Exercise prompt
Exact reproduction required: the lines below from the line with "Fig. 07 - METHODS" to the line with "Vidéo: Devrais-je porter", both ends included, and no others.

Data for review
--- START ---
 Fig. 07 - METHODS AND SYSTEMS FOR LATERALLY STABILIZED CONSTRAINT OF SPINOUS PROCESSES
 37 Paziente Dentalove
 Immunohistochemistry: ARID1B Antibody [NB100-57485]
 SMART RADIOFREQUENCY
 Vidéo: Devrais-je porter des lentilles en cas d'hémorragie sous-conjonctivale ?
--- END ---
--- START ---
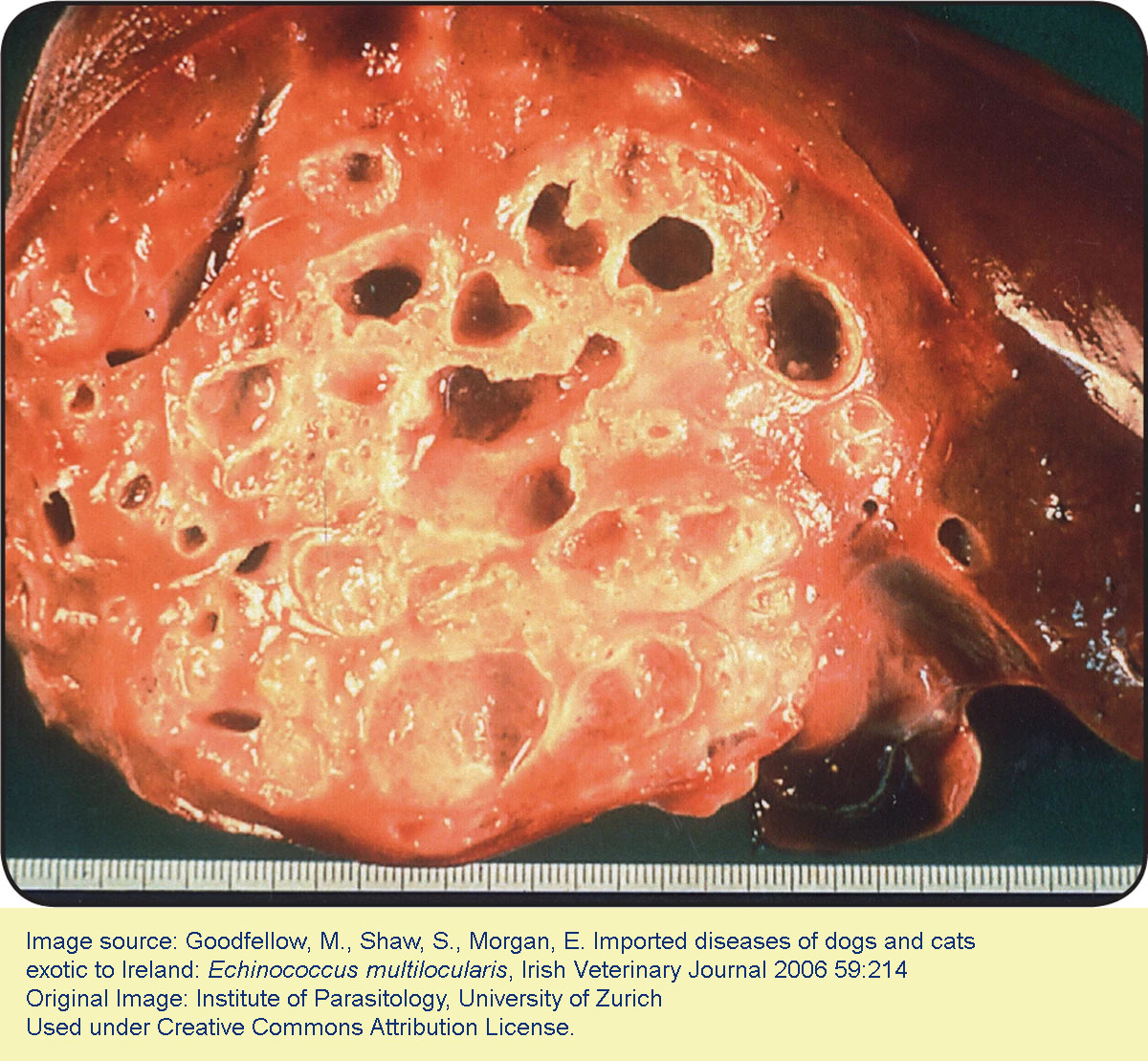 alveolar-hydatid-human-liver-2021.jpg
--- END ---
Exercise answer
 Fig. 07 - METHODS AND SYSTEMS FOR LATERALLY STABILIZED CONSTRAINT OF SPINOUS PROCESSES
 37 Paziente Dentalove
 Immunohistochemistry: ARID1B Antibody [NB100-57485]
 SMART RADIOFREQUENCY
 Vidéo: Devrais-je porter des lentilles en cas d'hémorragie sous-conjonctivale ?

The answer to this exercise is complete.